XHSBH-FM
- Sabinas Hidalgo, Nuevo León; Mexico;
- Frequency: 100.9 FM
- Branding: Digital 102.9

Programming
- Format: Pop

Ownership
- Owner: Grupo Radio Alegría; (Profesionales de la Radio, S.A. de C.V.);
- Sister stations: XHESH-FM

History
- First air date: November 30, 1994 (concession)
- Call sign meaning: "Sabinas Hidalgo"

Technical information
- Licensing authority: CRT
- Class: A
- ERP: 2.6 kW
- HAAT: 100 m (330 ft)

Links
- Website: www.gruporadioalegria.mx

= XHSBH-FM =

Radio station in Sabinas Hidalgo, Nuevo León

XHSBH-FM is a radio station on 100.9 FM in Sabinas Hidalgo, Nuevo León. Mexico.
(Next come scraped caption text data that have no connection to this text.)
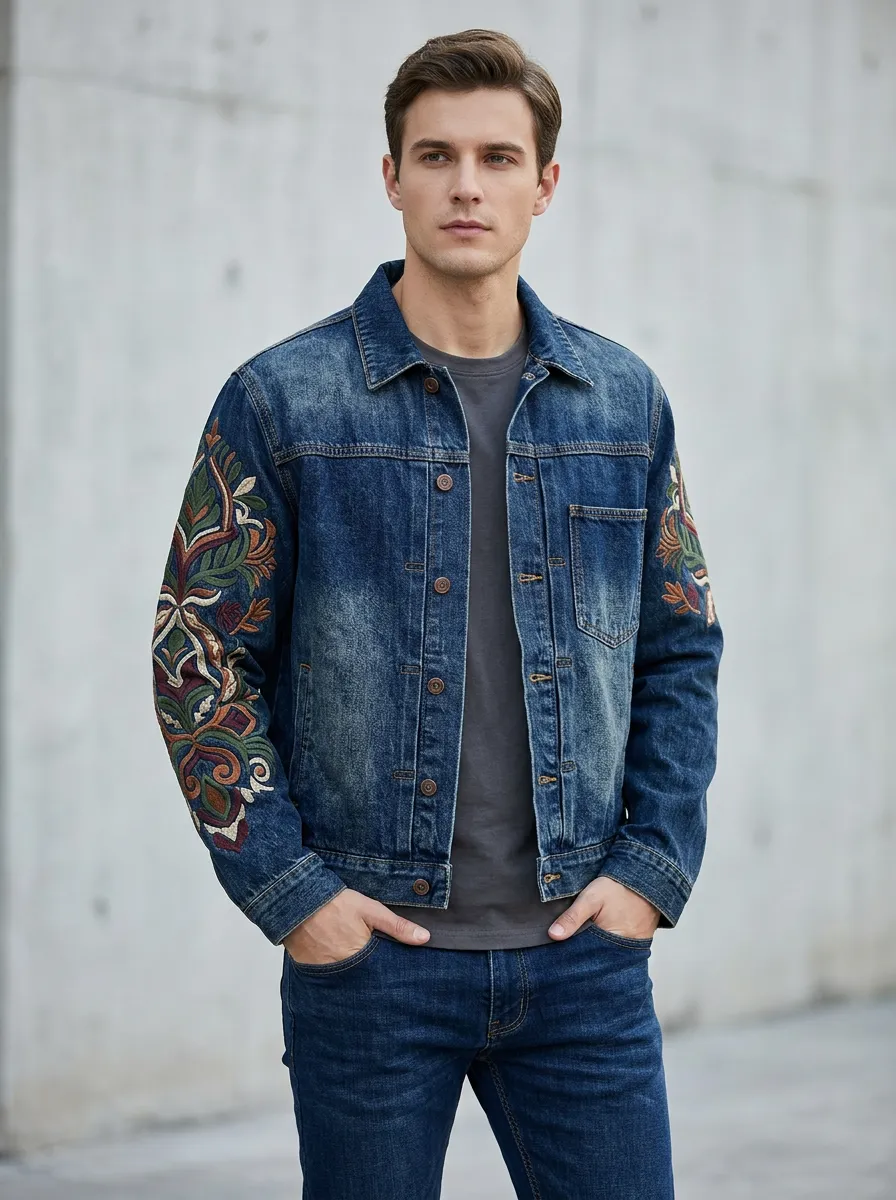 Men's Heritage Style Floral Vintage Inspired Denim Jacket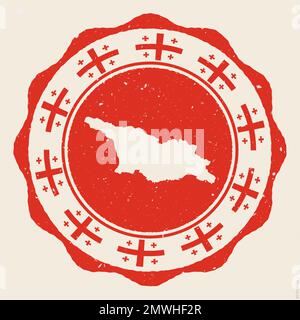 Georgia Vintage-Schild. Grunge Round Logo mit Karte und Flaggen von Georgia. Klassische Vektordarstellung. Stock Vektor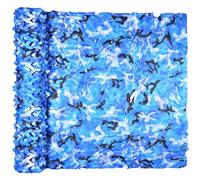 RVUEM Camouflage Net, Party Decorations Parasol, Sun Protection Nets, Privacy Screen Nets, for Garden Fence, Woodland, Wild Camping, Forest Landscape, Car Cover, Camp,Blue,7x9m
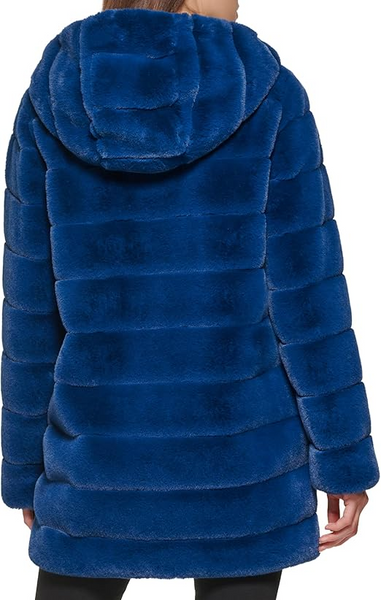Kenneth Cole Snap Front Closure Grooved Faux Fur Hooded Coat - Teal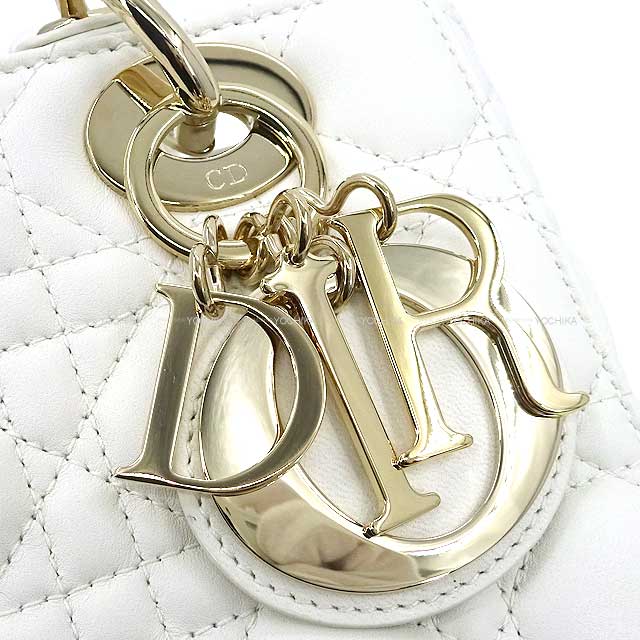 Christian Dior Handbag LADY DIOR MY ABCDIOR Small Mitzah Blanc (White) Cannage Lambskin Gold HW M05380CAL[BRAND NEW][Authentic]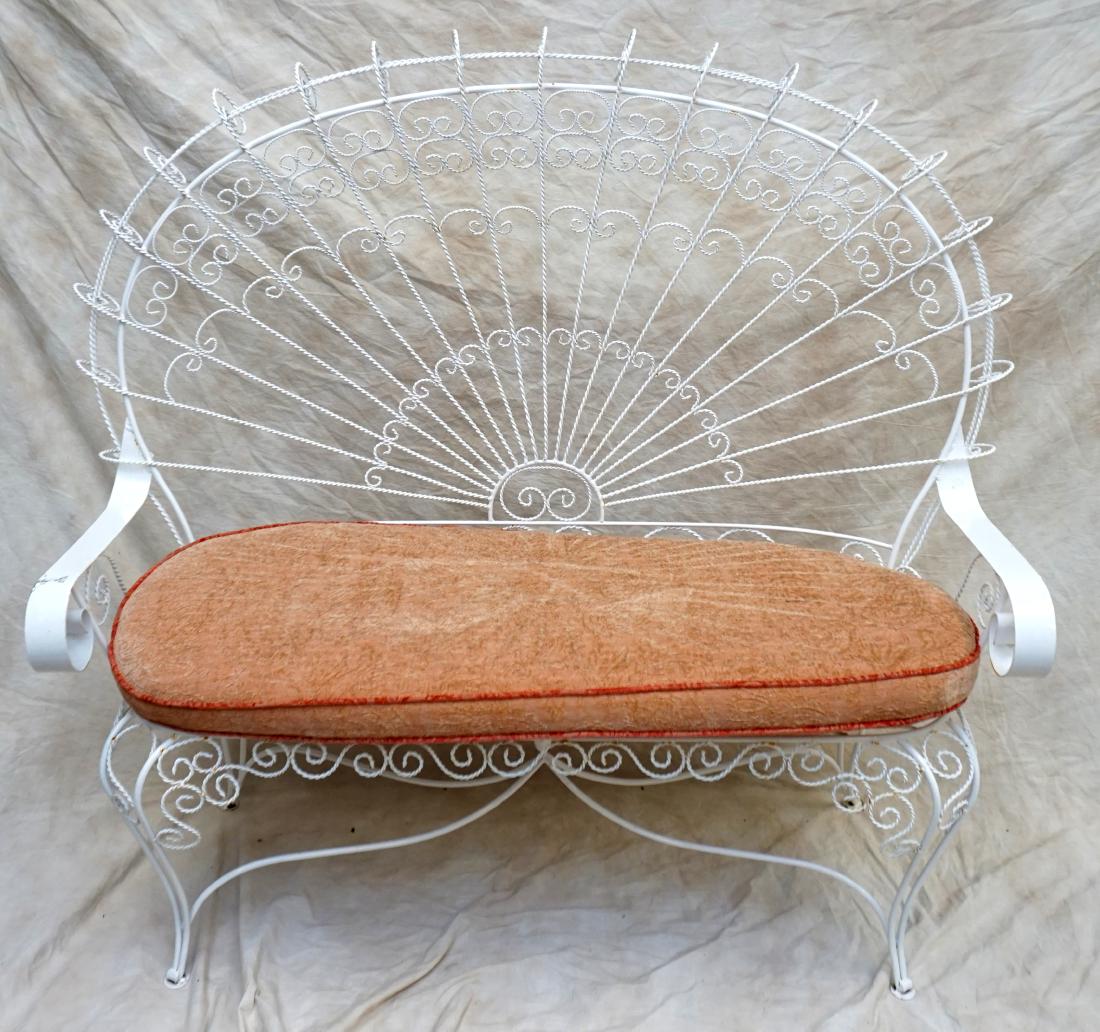 SALTERINI MID CENTURY PATIO BENCH: Classic Salterini Mid Century Patio Bench. With ornate wrought iron twisted wire fan peacock back. Custom brocade cushion. This bench is handcrafted from wrought iron. Decorative scrolls made of twist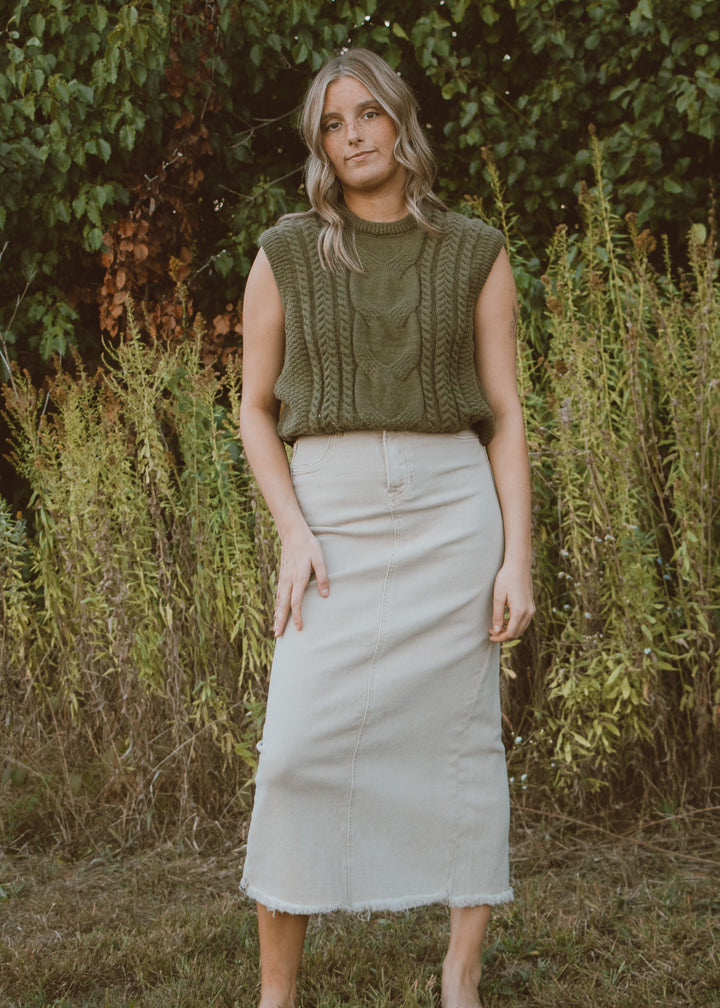 Toffee Twist Denim Midi Skirt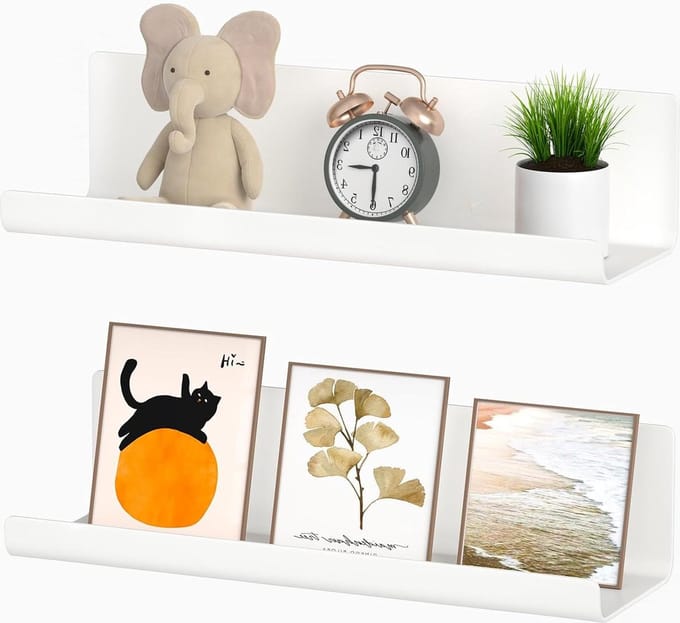 Omgoods - Zwevende planken, 2 stuks wandplank, zonder boren, wit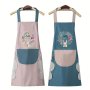 Chic Waterproof Kitchen Apron With Hand Wipe Pockets - Adjustable Oil-Resistant Cooking & Baking Apron In Blue Or Pink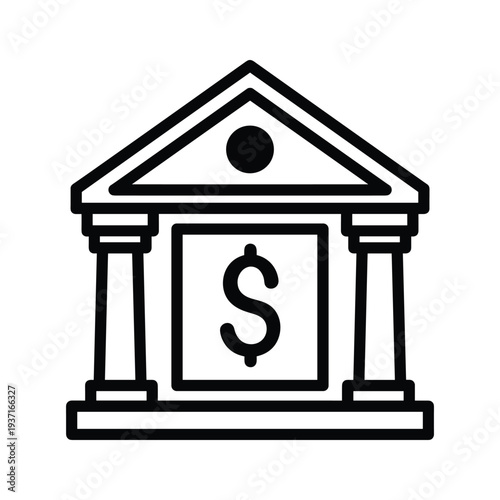 Classic temple building symbolizing financial institutions and economic stability.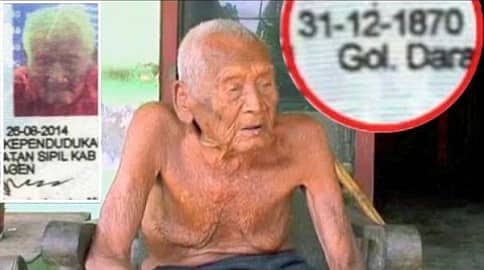 ವಿಶ್ವಕ್ಕೇ ಹಿರಿಯಜ್ಜ ಇಂಡೋನೇಶಿಯಾದ ವ್ಯಕ್ತಿಗೆ ಈಗ 145 ವರ್ಷ!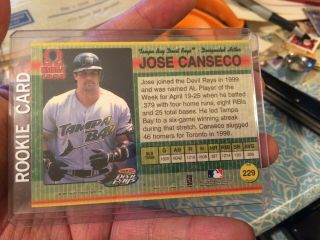 JOSE CANSECO 1999 PACIFIC OMEGA Gold FOIL SER 63/299 RARE RAYS insert 2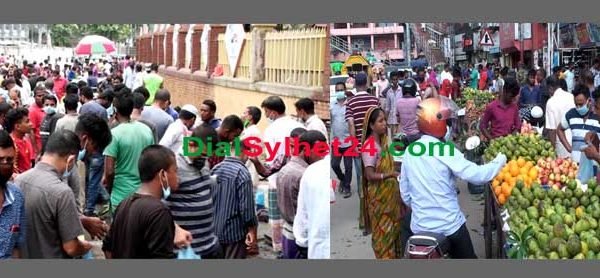 সিলেটে স্বাস্থ্যবিধি না মেনেই কাচাঁবাজারে মানুষের ঢল
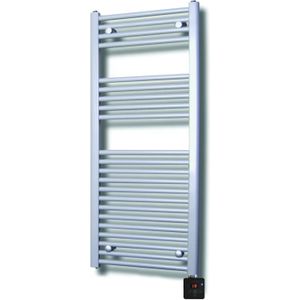 Elektrische design radiator sanicare plug & play 111,8x45 cm zilvergrijs 596 watt met zwarte thermostaat en bluetooth links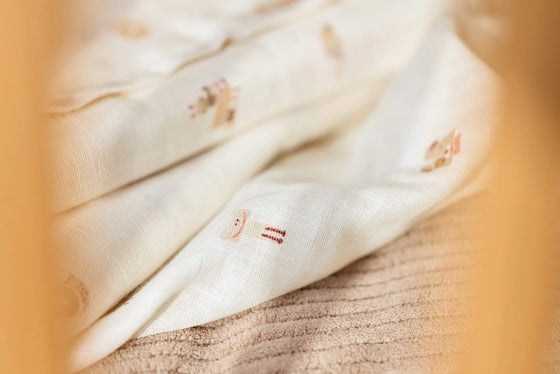 Lot de 3 langes bébé motif animaux Jollein 70x70 cm Animal Friends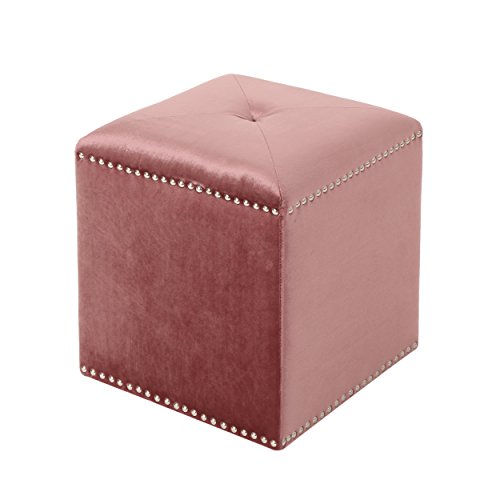 Christopher Knight Home Allen Glam Velvet Ottoman, Blush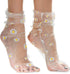 Seashell White Translucent Daisy Socks Women Fashion Sheer Socks - See Through Mesh Socks for Women - Floral Tulle Socks (US sizes 5-8)...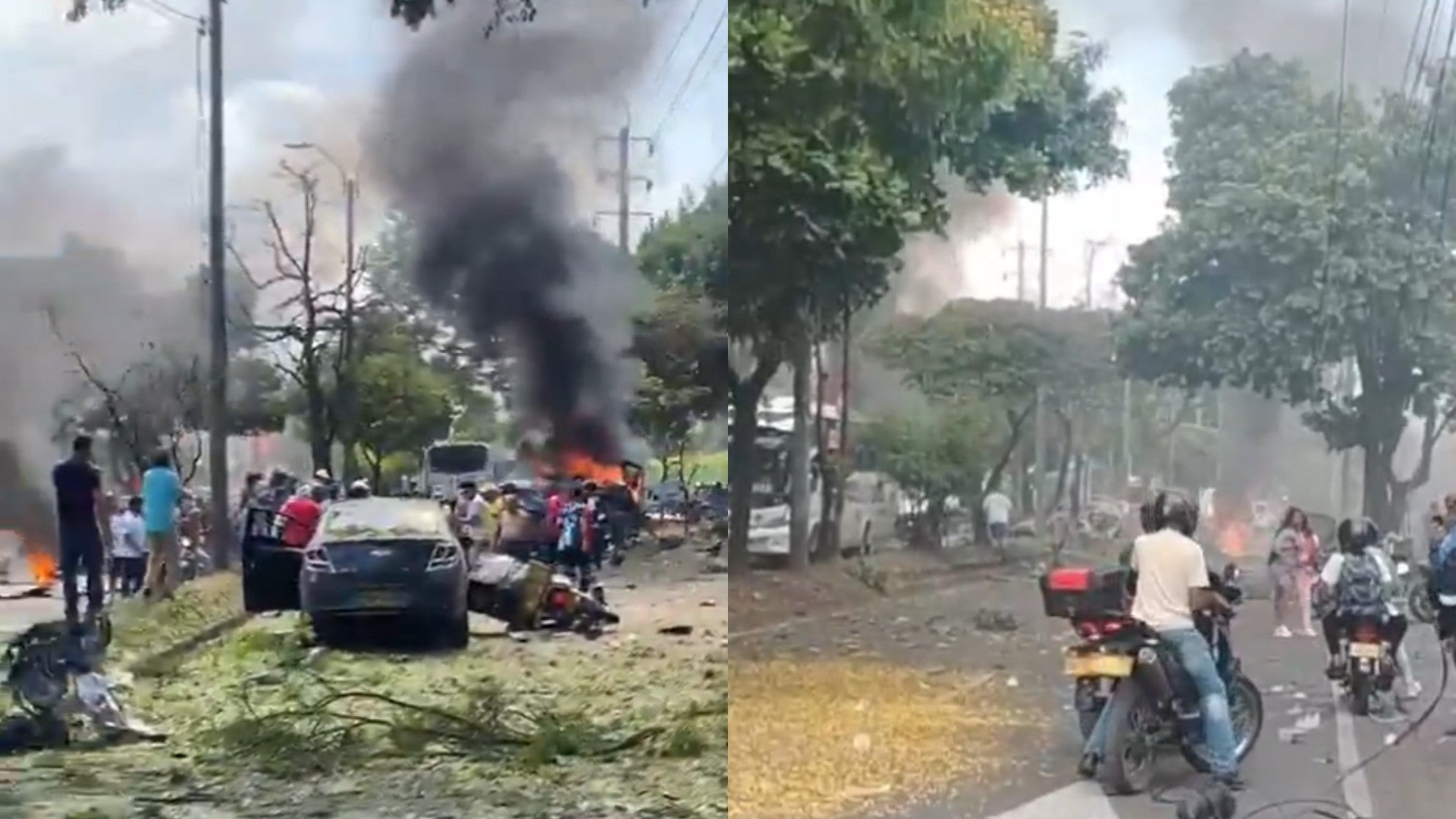Explosión cerca a la base aérea en Cali | Fotos captura video: @NoticiasRCN
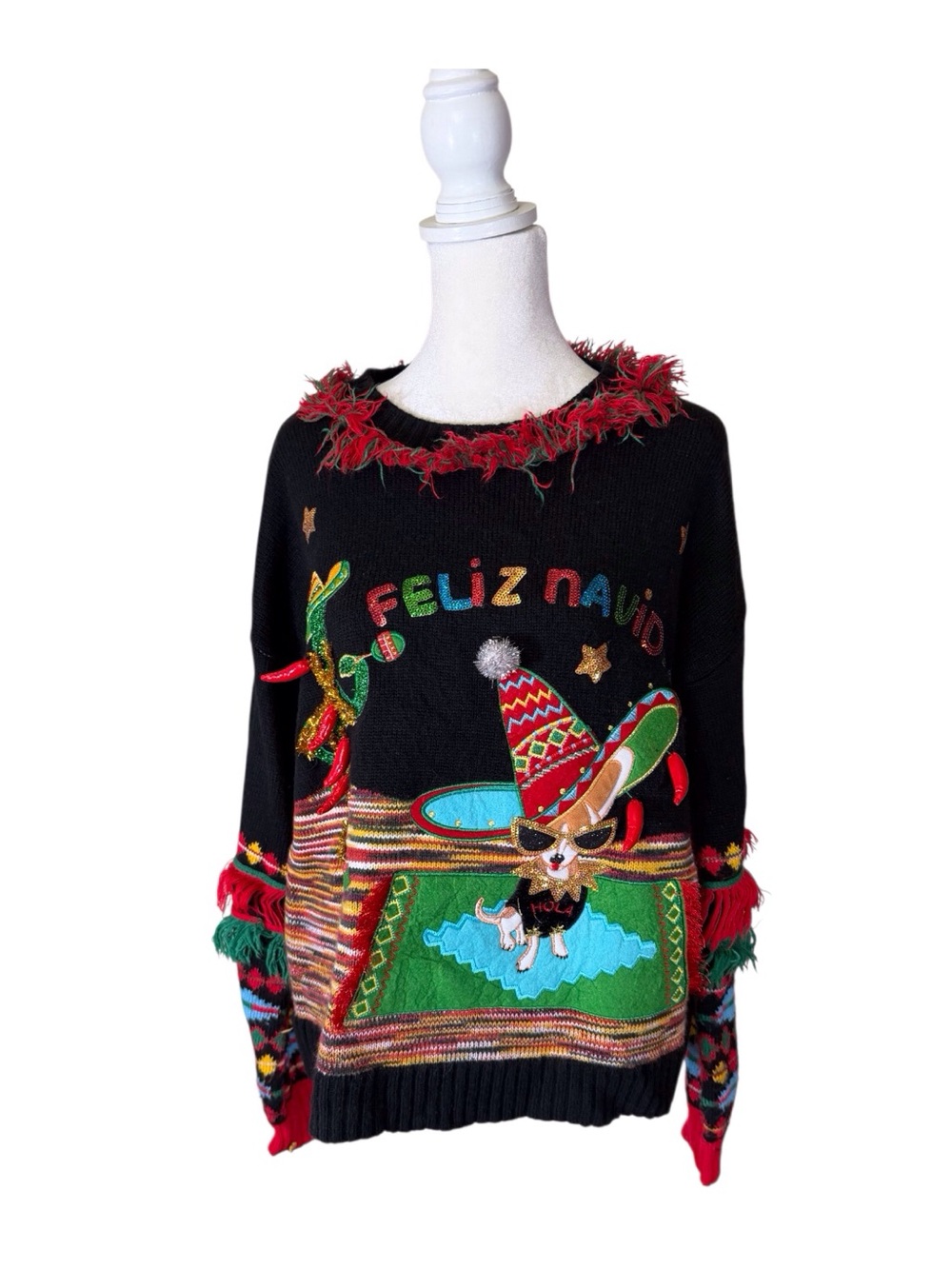 Holiday time Feliz Navidad chihuahua ugly Christmas sweater women’s size M/8-10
The station is owned by Grupo Radio Alegría and is known as Digital 102.9, simulcasting sister station XHMG-FM in Monterrey.

==History==
XHSBH received its concession on November 30, 1994. The original concessionaire was Gonzalo Estrada Cruz, who founded GRA and its associated ABC newspaper.

Long known as La Sabrosita, in line with GRA's XHRK-FM 95.7 in Monterrey, the station began simulcasting pop outlet XHMG-FM 102.9 in 2020.